─── Records provided
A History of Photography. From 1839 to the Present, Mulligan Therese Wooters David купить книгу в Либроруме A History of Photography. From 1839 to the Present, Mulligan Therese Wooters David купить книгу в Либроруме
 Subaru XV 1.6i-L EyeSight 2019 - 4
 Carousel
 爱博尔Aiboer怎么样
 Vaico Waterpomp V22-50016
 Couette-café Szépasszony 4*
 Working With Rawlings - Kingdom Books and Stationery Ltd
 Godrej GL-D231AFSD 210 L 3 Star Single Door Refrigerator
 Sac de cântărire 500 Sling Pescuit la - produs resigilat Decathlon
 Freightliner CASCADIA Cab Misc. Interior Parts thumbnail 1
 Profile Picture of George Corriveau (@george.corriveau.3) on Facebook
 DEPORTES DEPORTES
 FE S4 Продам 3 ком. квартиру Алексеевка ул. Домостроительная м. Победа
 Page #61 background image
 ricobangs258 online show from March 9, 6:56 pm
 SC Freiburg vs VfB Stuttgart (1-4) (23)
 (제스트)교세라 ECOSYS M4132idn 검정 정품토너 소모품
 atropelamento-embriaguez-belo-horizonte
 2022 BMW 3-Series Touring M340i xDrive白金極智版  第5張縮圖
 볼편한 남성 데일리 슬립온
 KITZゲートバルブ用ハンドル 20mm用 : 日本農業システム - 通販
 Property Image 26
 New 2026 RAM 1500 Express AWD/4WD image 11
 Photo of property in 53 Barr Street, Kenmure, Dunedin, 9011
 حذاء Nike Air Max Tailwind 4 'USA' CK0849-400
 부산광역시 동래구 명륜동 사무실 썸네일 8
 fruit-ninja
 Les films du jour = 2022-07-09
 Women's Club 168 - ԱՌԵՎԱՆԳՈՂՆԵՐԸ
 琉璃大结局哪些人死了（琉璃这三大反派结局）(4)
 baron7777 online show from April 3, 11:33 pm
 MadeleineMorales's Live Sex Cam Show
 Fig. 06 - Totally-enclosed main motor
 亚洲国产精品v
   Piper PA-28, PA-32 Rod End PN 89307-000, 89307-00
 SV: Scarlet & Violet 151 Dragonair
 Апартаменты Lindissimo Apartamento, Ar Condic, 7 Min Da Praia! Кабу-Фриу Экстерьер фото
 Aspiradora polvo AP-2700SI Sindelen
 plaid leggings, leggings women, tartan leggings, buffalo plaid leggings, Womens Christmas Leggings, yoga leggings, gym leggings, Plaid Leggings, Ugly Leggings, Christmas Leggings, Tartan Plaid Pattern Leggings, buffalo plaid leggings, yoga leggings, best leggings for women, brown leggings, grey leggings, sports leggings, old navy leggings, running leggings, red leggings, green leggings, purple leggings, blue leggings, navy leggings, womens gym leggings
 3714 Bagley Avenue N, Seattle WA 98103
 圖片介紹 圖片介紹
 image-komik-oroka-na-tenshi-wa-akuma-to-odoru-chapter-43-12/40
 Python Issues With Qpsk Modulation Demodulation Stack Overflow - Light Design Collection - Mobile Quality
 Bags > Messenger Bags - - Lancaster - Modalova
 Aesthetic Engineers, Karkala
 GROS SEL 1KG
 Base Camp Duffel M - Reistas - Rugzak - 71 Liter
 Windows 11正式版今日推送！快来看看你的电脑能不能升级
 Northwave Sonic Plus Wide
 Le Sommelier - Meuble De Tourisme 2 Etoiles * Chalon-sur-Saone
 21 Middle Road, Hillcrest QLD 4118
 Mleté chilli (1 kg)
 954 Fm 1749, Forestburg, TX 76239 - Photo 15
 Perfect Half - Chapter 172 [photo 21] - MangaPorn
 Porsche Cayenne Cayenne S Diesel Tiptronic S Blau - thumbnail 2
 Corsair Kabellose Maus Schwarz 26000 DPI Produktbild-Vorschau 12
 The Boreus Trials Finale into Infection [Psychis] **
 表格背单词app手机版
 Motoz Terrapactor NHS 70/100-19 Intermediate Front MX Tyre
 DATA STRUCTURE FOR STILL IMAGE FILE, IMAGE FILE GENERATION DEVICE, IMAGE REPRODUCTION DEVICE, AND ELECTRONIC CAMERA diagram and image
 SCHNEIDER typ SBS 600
──────
Reply with the complete records, restated exactly.

A History of Photography. From 1839 to the Present, Mulligan Therese Wooters David купить книгу в Либроруме A History of Photography. From 1839 to the Present, Mulligan Therese Wooters David купить книгу в Либроруме
 Subaru XV 1.6i-L EyeSight 2019 - 4
 Carousel
 爱博尔Aiboer怎么样
 Vaico Waterpomp V22-50016
 Couette-café Szépasszony 4*
 Working With Rawlings - Kingdom Books and Stationery Ltd
 Godrej GL-D231AFSD 210 L 3 Star Single Door Refrigerator
 Sac de cântărire 500 Sling Pescuit la - produs resigilat Decathlon
 Freightliner CASCADIA Cab Misc. Interior Parts thumbnail 1
 Profile Picture of George Corriveau (@george.corriveau.3) on Facebook
 DEPORTES DEPORTES
 FE S4 Продам 3 ком. квартиру Алексеевка ул. Домостроительная м. Победа
 Page #61 background image
 ricobangs258 online show from March 9, 6:56 pm
 SC Freiburg vs VfB Stuttgart (1-4) (23)
 (제스트)교세라 ECOSYS M4132idn 검정 정품토너 소모품
 atropelamento-embriaguez-belo-horizonte
 2022 BMW 3-Series Touring M340i xDrive白金極智版  第5張縮圖
 볼편한 남성 데일리 슬립온
 KITZゲートバルブ用ハンドル 20mm用 : 日本農業システム - 通販
 Property Image 26
 New 2026 RAM 1500 Express AWD/4WD image 11
 Photo of property in 53 Barr Street, Kenmure, Dunedin, 9011
 حذاء Nike Air Max Tailwind 4 'USA' CK0849-400
 부산광역시 동래구 명륜동 사무실 썸네일 8
 fruit-ninja
 Les films du jour = 2022-07-09
 Women's Club 168 - ԱՌԵՎԱՆԳՈՂՆԵՐԸ
 琉璃大结局哪些人死了（琉璃这三大反派结局）(4)
 baron7777 online show from April 3, 11:33 pm
 MadeleineMorales's Live Sex Cam Show
 Fig. 06 - Totally-enclosed main motor
 亚洲国产精品v
   Piper PA-28, PA-32 Rod End PN 89307-000, 89307-00
 SV: Scarlet & Violet 151 Dragonair
 Апартаменты Lindissimo Apartamento, Ar Condic, 7 Min Da Praia! Кабу-Фриу Экстерьер фото
 Aspiradora polvo AP-2700SI Sindelen
 plaid leggings, leggings women, tartan leggings, buffalo plaid leggings, Womens Christmas Leggings, yoga leggings, gym leggings, Plaid Leggings, Ugly Leggings, Christmas Leggings, Tartan Plaid Pattern Leggings, buffalo plaid leggings, yoga leggings, best leggings for women, brown leggings, grey leggings, sports leggings, old navy leggings, running leggings, red leggings, green leggings, purple leggings, blue leggings, navy leggings, womens gym leggings
 3714 Bagley Avenue N, Seattle WA 98103
 圖片介紹 圖片介紹
 image-komik-oroka-na-tenshi-wa-akuma-to-odoru-chapter-43-12/40
 Python Issues With Qpsk Modulation Demodulation Stack Overflow - Light Design Collection - Mobile Quality
 Bags > Messenger Bags - - Lancaster - Modalova
 Aesthetic Engineers, Karkala
 GROS SEL 1KG
 Base Camp Duffel M - Reistas - Rugzak - 71 Liter
 Windows 11正式版今日推送！快来看看你的电脑能不能升级
 Northwave Sonic Plus Wide
 Le Sommelier - Meuble De Tourisme 2 Etoiles * Chalon-sur-Saone
 21 Middle Road, Hillcrest QLD 4118
 Mleté chilli (1 kg)
 954 Fm 1749, Forestburg, TX 76239 - Photo 15
 Perfect Half - Chapter 172 [photo 21] - MangaPorn
 Porsche Cayenne Cayenne S Diesel Tiptronic S Blau - thumbnail 2
 Corsair Kabellose Maus Schwarz 26000 DPI Produktbild-Vorschau 12
 The Boreus Trials Finale into Infection [Psychis] **
 表格背单词app手机版
 Motoz Terrapactor NHS 70/100-19 Intermediate Front MX Tyre
 DATA STRUCTURE FOR STILL IMAGE FILE, IMAGE FILE GENERATION DEVICE, IMAGE REPRODUCTION DEVICE, AND ELECTRONIC CAMERA diagram and image
 SCHNEIDER typ SBS 600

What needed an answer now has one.